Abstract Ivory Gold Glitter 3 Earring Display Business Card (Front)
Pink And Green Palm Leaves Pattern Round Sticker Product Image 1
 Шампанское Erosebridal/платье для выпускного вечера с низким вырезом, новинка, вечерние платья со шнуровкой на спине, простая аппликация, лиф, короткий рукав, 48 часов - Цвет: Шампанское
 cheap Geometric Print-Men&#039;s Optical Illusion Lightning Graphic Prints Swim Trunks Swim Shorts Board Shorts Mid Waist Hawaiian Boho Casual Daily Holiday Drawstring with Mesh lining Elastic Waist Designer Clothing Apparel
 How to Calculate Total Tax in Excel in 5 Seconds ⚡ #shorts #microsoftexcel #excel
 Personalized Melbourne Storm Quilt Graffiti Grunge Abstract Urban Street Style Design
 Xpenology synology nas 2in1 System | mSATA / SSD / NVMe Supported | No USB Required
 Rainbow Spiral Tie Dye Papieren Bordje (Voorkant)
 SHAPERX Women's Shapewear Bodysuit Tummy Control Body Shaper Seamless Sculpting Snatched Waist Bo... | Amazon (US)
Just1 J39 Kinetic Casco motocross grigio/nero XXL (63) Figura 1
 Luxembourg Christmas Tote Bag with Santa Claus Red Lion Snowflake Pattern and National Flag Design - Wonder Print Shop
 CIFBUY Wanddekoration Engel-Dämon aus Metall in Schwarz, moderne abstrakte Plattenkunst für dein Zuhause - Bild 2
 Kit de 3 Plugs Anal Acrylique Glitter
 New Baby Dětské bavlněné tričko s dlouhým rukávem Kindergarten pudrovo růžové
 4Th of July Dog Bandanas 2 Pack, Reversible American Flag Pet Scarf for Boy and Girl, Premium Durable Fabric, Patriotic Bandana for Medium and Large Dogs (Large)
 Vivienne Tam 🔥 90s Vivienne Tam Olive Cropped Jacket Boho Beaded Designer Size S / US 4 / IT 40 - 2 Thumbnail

:::

• TASK REQUIREMENTS
Everything from the line containing "Шампанское Erosebridal/платье для" to the last line of the material above should be printed exactly, both ends included.

• ANSWER SPACE
 Шампанское Erosebridal/платье для выпускного вечера с низким вырезом, новинка, вечерние платья со шнуровкой на спине, простая аппликация, лиф, короткий рукав, 48 часов - Цвет: Шампанское
 cheap Geometric Print-Men&#039;s Optical Illusion Lightning Graphic Prints Swim Trunks Swim Shorts Board Shorts Mid Waist Hawaiian Boho Casual Daily Holiday Drawstring with Mesh lining Elastic Waist Designer Clothing Apparel
 How to Calculate Total Tax in Excel in 5 Seconds ⚡ #shorts #microsoftexcel #excel
 Personalized Melbourne Storm Quilt Graffiti Grunge Abstract Urban Street Style Design
 Xpenology synology nas 2in1 System | mSATA / SSD / NVMe Supported | No USB Required
 Rainbow Spiral Tie Dye Papieren Bordje (Voorkant)
 SHAPERX Women's Shapewear Bodysuit Tummy Control Body Shaper Seamless Sculpting Snatched Waist Bo... | Amazon (US)
Just1 J39 Kinetic Casco motocross grigio/nero XXL (63) Figura 1
 Luxembourg Christmas Tote Bag with Santa Claus Red Lion Snowflake Pattern and National Flag Design - Wonder Print Shop
 CIFBUY Wanddekoration Engel-Dämon aus Metall in Schwarz, moderne abstrakte Plattenkunst für dein Zuhause - Bild 2
 Kit de 3 Plugs Anal Acrylique Glitter
 New Baby Dětské bavlněné tričko s dlouhým rukávem Kindergarten pudrovo růžové
 4Th of July Dog Bandanas 2 Pack, Reversible American Flag Pet Scarf for Boy and Girl, Premium Durable Fabric, Patriotic Bandana for Medium and Large Dogs (Large)
 Vivienne Tam 🔥 90s Vivienne Tam Olive Cropped Jacket Boho Beaded Designer Size S / US 4 / IT 40 - 2 Thumbnail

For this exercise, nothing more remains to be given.